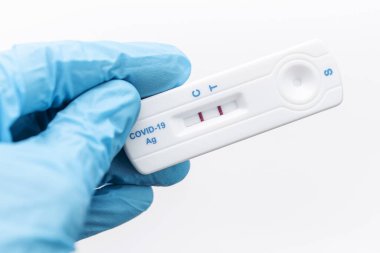 Koruyucu eldivenli doktor COVID-19 için pozitif sonuç verdi. Virüs için test kiti de var..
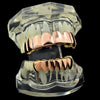 14K Rose Gold Plated 8 on 6 Teeth Grillz Set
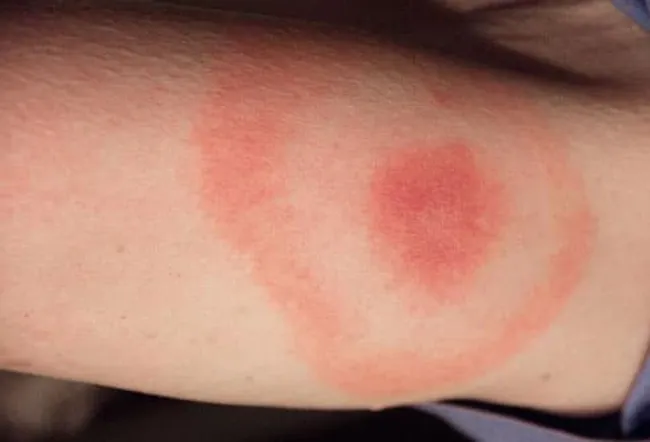 The rashes that may come with Lyme disease can vary in how they look. Photo courtesy of CDC.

__Directions__: Leave out the pictures, and write out all the remaining data above exactly.

__Exercise answer__:
 Koruyucu eldivenli doktor COVID-19 için pozitif sonuç verdi. Virüs için test kiti de var..
 14K Rose Gold Plated 8 on 6 Teeth Grillz Set
 The rashes that may come with Lyme disease can vary in how they look. Photo courtesy of CDC.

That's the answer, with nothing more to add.